A total of 100 cases, which had bypass operation at our Cardiovascular Surgery clinic, were included in this prospective study. The exclusion criteria for cases were presence of preoperative AF, left atrial dilation above 4.5 cm, valvular heart disease, thyroid dysfunction, emergency bypass requirement, prior surgical maze and pace-makers. Patients, who required valvular replacement at the same session, were included in the study if the left atrial dilation was not above 4.5 cm. Fasting blood samples of 12 hours were collected during preoperative preparation period from all participants to perform routine blood analyses and serum lipid level measurement. Concomitant beta-blocker and dyslipidemia treatment was continued in pre- and postoperative periods. ECG and electrocardiographic evaluations were performed in all participants (left atrium period, left ventricular width and ejection fraction were investigated). Variables related to surgical procedure were defined and recorded (pump duration, number of vessels underwent bypass surgery). After the bypass surgery, cases followed up for at least 48 hours in the intensive care unit had ECG recordings, and if AF was developed, then they were defined and recorded. Meanwhile, although ECG recodings were performed at 12 hours intervals, if there was any complaint, the ECG was recorded.
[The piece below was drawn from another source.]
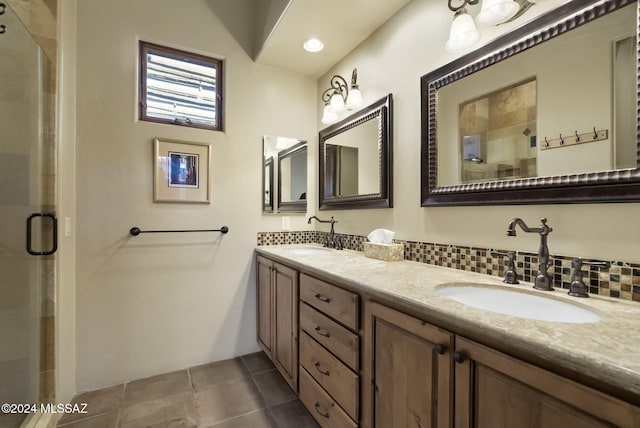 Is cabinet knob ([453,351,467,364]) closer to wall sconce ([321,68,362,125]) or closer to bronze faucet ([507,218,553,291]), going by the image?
bronze faucet ([507,218,553,291])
Blood samples of cases were collected in the operation morning after 12-hour fasting to examine serum lipid profile, thyroid function tests, and fasting blood glucose levels. ECG recording of each case was performed, and preoperative sinus rhythm was recorded. Serum lipid levels were measured by using Hitachi modular D_P analyzer (Manhaim/Germany).

Our study was approved by the local ethics committee of Pamukkale University School of Medicine. Our research is in compliance with the Helsinki Declaration.

Statistical methods

Statistical analysis was performed using SPSS 11.0 for Windows. Data are presented as mean ± SD, controlled for normally distribution by Kolmogorov-Smirnov test. Comparison of more than two groups was performed by using Kruskal-Wallis test with Bonferroni correction and differences between any two groups were compaired by Mann-Whitney U test because of abnormal distribution. Categorical data between two or more groups were compared by the Pearson χ2 test. A probability value of p < 0.05 was considered as significant.


Cases underwent bypass surgery (n = 100) were divided as Group I (n = 36, 36%) (cases developed AF postoperatively) and Group 2 (n = 64, 64%) (cases without AF postoperatively). 36% of patients were developed AF after the bypass surgery. There was no statistically significant difference in demographic data except age between the groups (P < 0.05). We believe that marked homogeneity has been provided between two groups, because there was no statistically significant difference in statin usage between the groups. Groups and statistically analyzed demographic data are given in Table 1. There was no statistically significant difference in biochemical results between groups except LDL cholesterol (LDL-C). (118.75 ± 27.75 vs 106.67 ± 28.36; P < 0.05) (Table 2).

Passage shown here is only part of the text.